In this tutorial, we will learn credit risk modeling in R using case studies. Specifically, we will use two case studies starting with a simpler one using which we will learn the methodology and important concepts and techniques.
Note: As a pre-requisite, it will be helpful to go through this tutorial first – Foundations of Credit Risk Modelling.
Case Study 1: German Credit
In the first case study, we will use a popular dataset called German Credit. Our objective in this case study is to determine the Probability of Default (PD). We will build a predictive model that takes as input the various aspects of the loan applicant and outputs the probability of default of the loan applicant. PD is one of the most highly used measures for calculating the credit score of the borrowers. PD is also the primary parameter used in calculating credit risk as per the internal ratings-based approach used by banks.
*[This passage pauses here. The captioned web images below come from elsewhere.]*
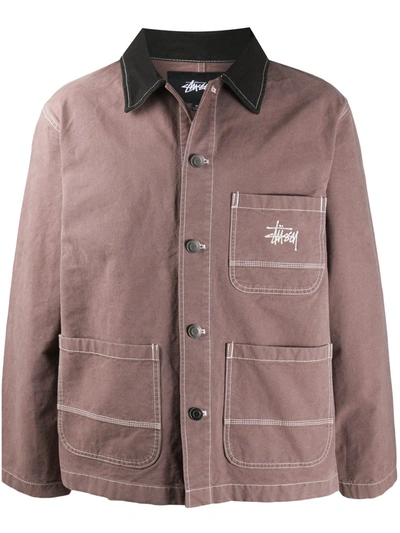 STUSSY Brushed Moleskin Chore Jacket Ｓ Stussy Brushed Moleskin Chore Jacket In Purple | ModeSens
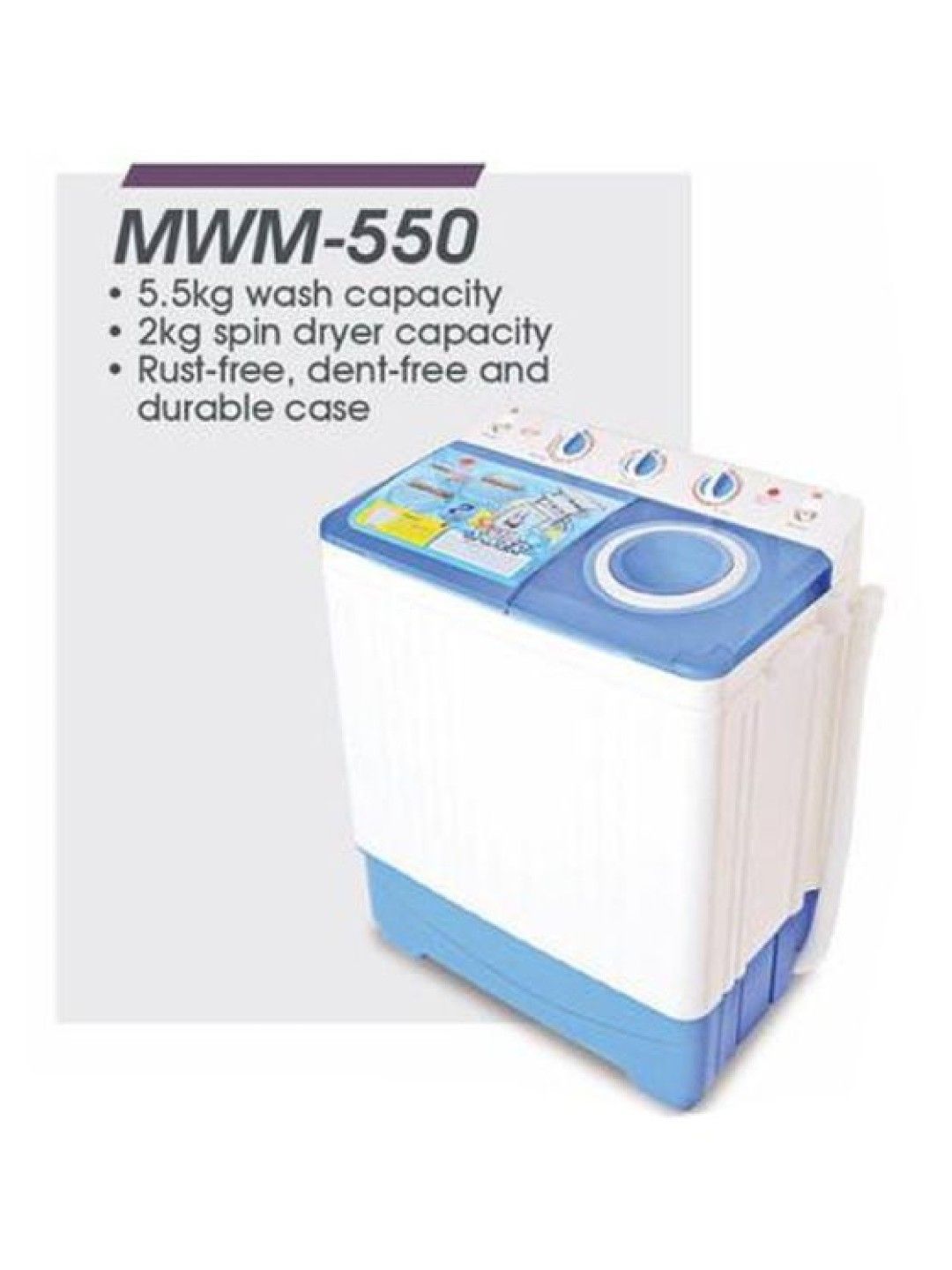 MICROMATIC MWM550 Washing Machine Twin Tub 5.5kg (No Color- Image 2)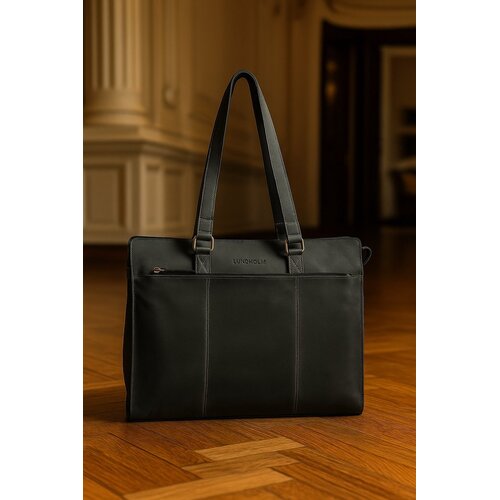 Lundholm Leder-Laptoptasche Damen 15,6 Zoll – Schwarz Lundholm Leder-Laptoptasche Damen 15,6 Zoll – Schwarz
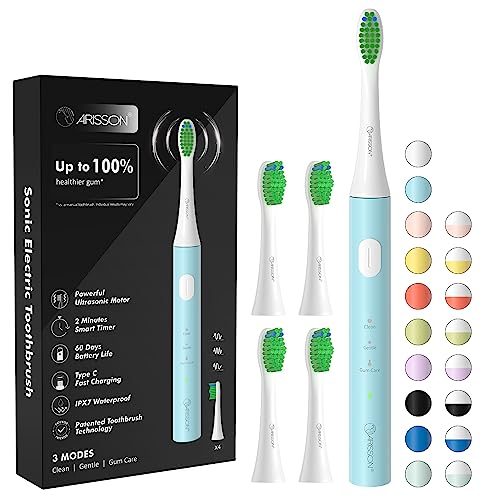 Arisson Sonic Electric Toothbrush for Adults and Kids with 4 Brush Heads, Type C Fast Charging, 40,000 VPM, 3 Mode with 2 Minute
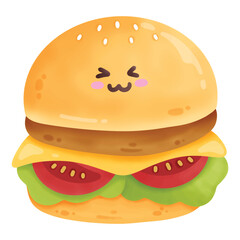 cute smiling hamburger cartoon vector illustration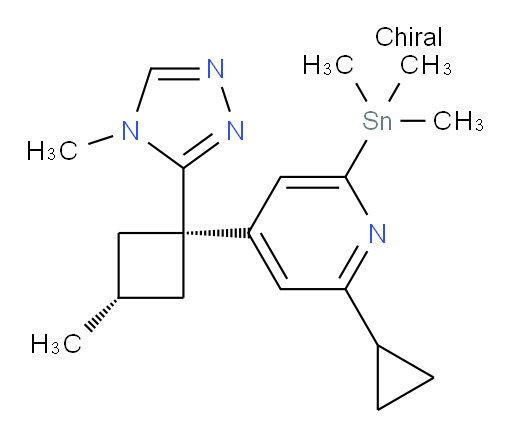 2-cyclopropyl-4-((1r,3r)-3-methyl-1-(4-methyl-4H-1,2,4-triazol-3-yl)cyclobutyl)-6-(trimethylstannyl)pyridine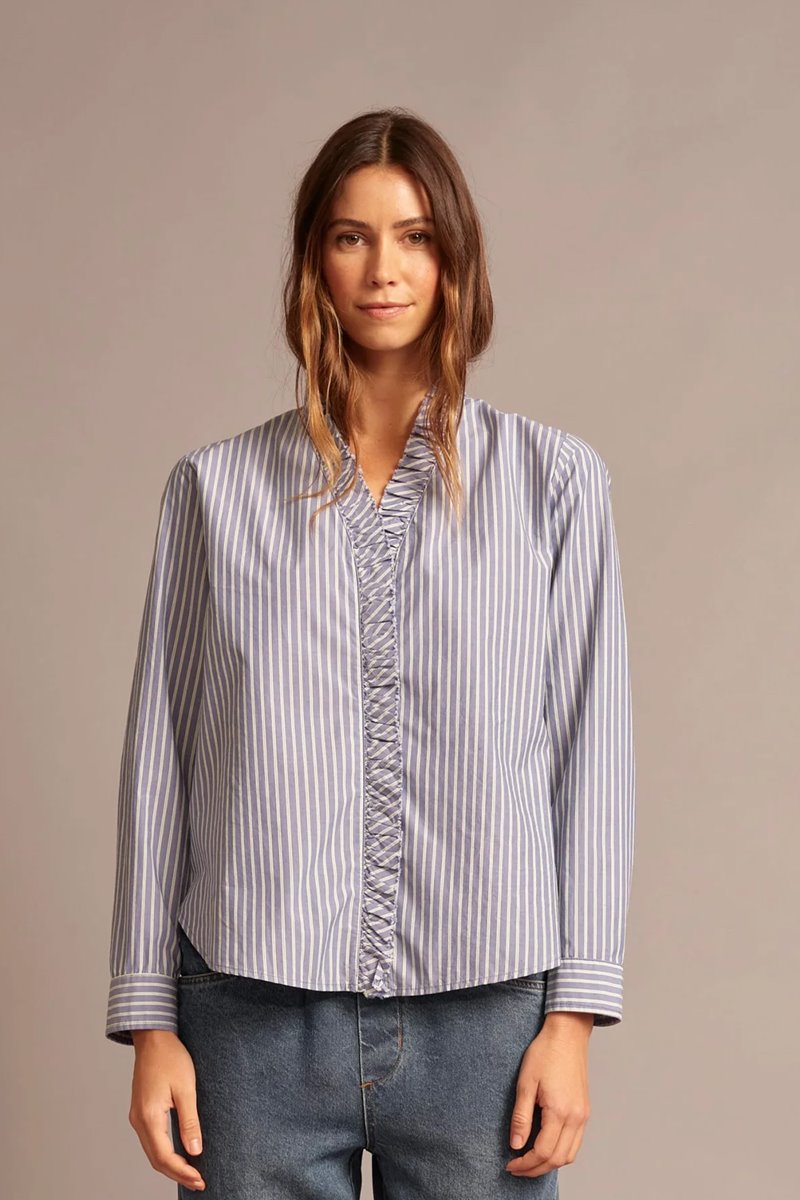 Xirena  kayde shirt blue pine stripe side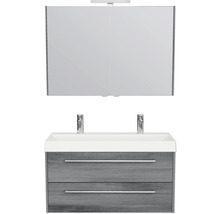 Waschtisch mit zwei Schubladen, Waschbecken und Spiegelschrank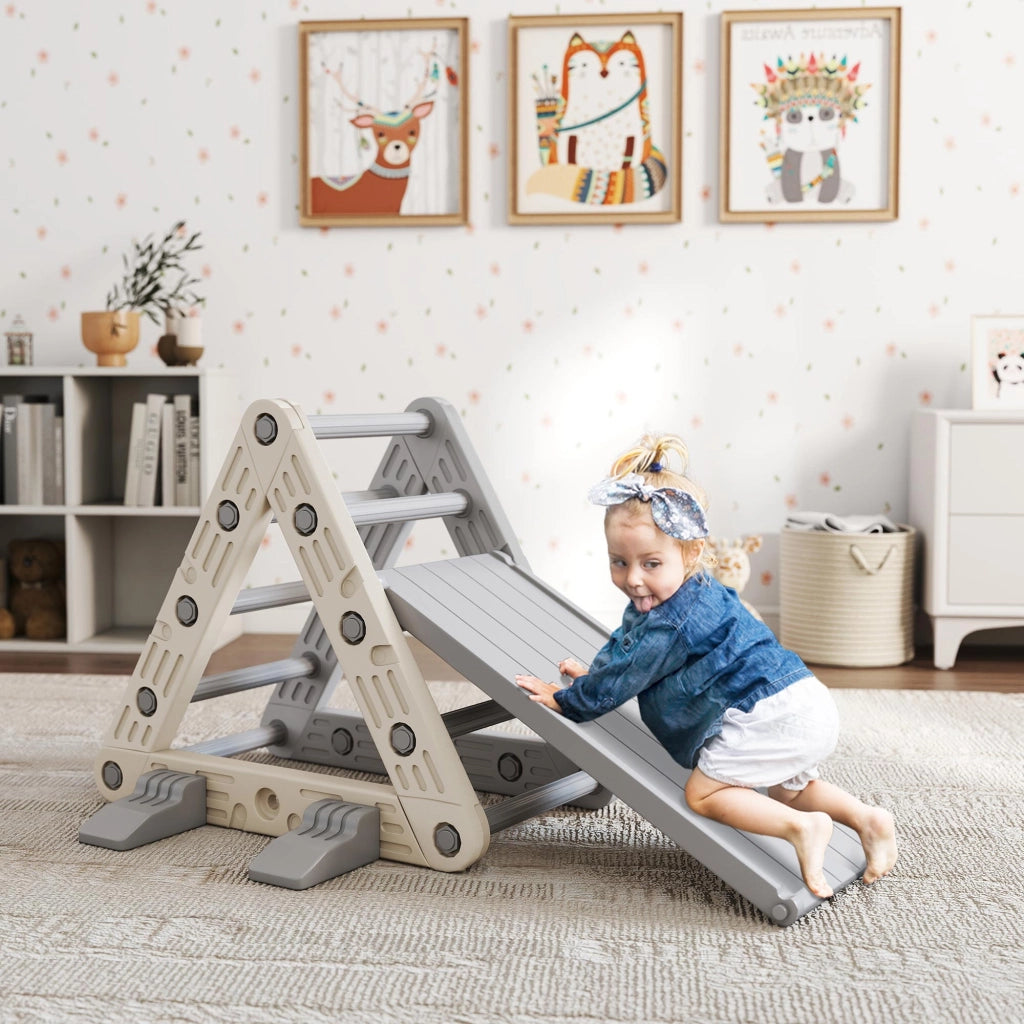 Scaletta a Triangolo con Scivolo per Bambini 18-48 Mesi ¨C zephmum ¨C 130x80x69 Grigio e Bianco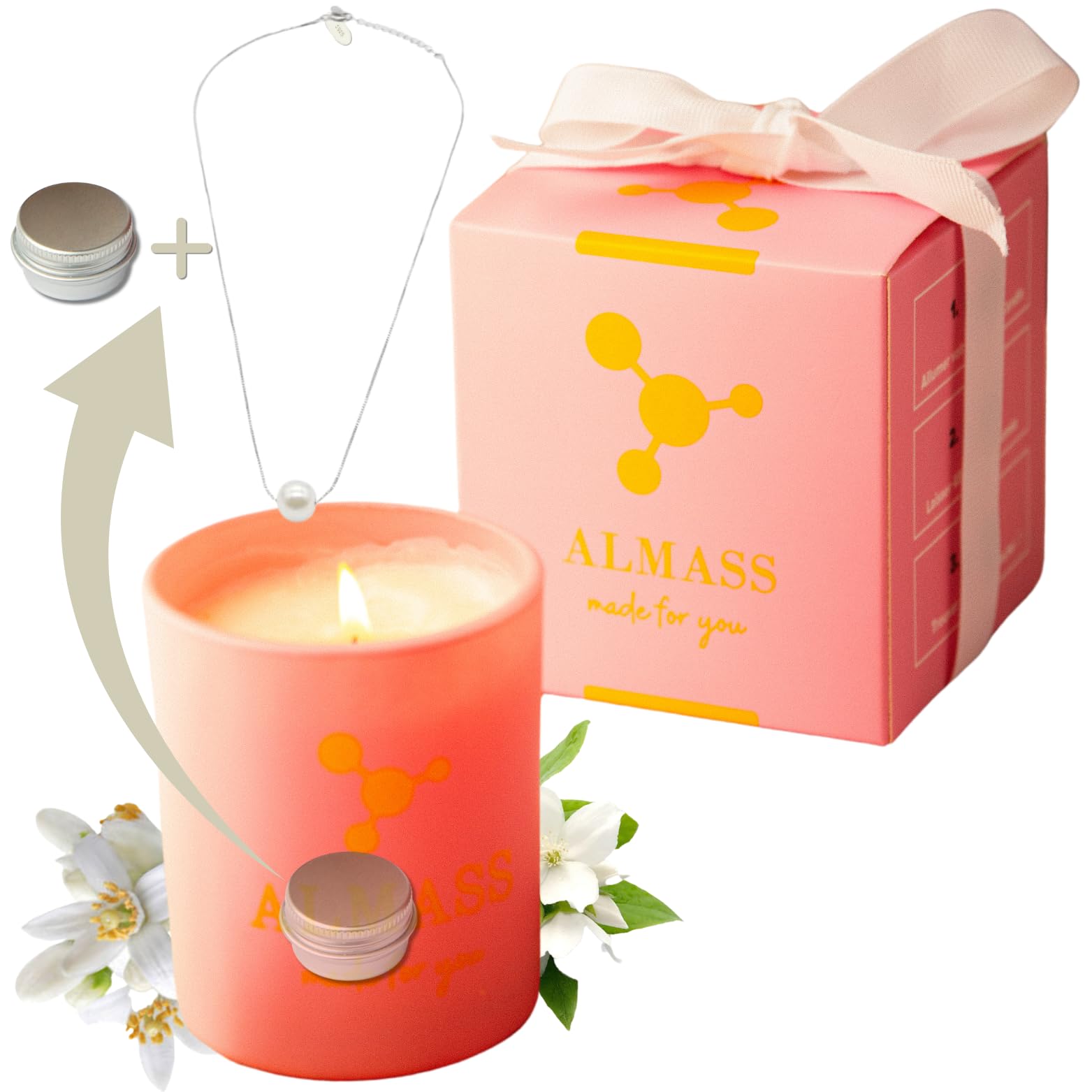 ALMASS Candela Bijoux-- Candela profumata + una collana placcata in argento 925 con una perla + una piccola scatola per gioielli, 8% di puro profumo, confezione regalo da donna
The German Credit dataset contains observations on 21 attributes for 1000 past applicants for credit. Each applicant was rated as “good credit” (700 cases) or “bad credit” (300 cases).
In this case study, we will perform all the steps involved in model building and along the way, we will also understand the entire spectrum of the predictive modeling landscape.
Case Study 2: LendingClub Data
In the second case study, we will build upon the knowledge we have gained in the first case study and apply it to a new data set which is more realistic in nature. We will use the loan data available from LendingClub’s website. LendingClub is a US peer-to-peer lending company which matches borrowers with investors willing to fund their loans. The loan dataset contains actual data of the loans extended by them in their business. The dataset is much larger in size compared to the German Credit data and also contains a lot more variables that we need to work on. This case study will give us a more real-life experience of what we can expect when we build a model in our role as a data scientist in a bank.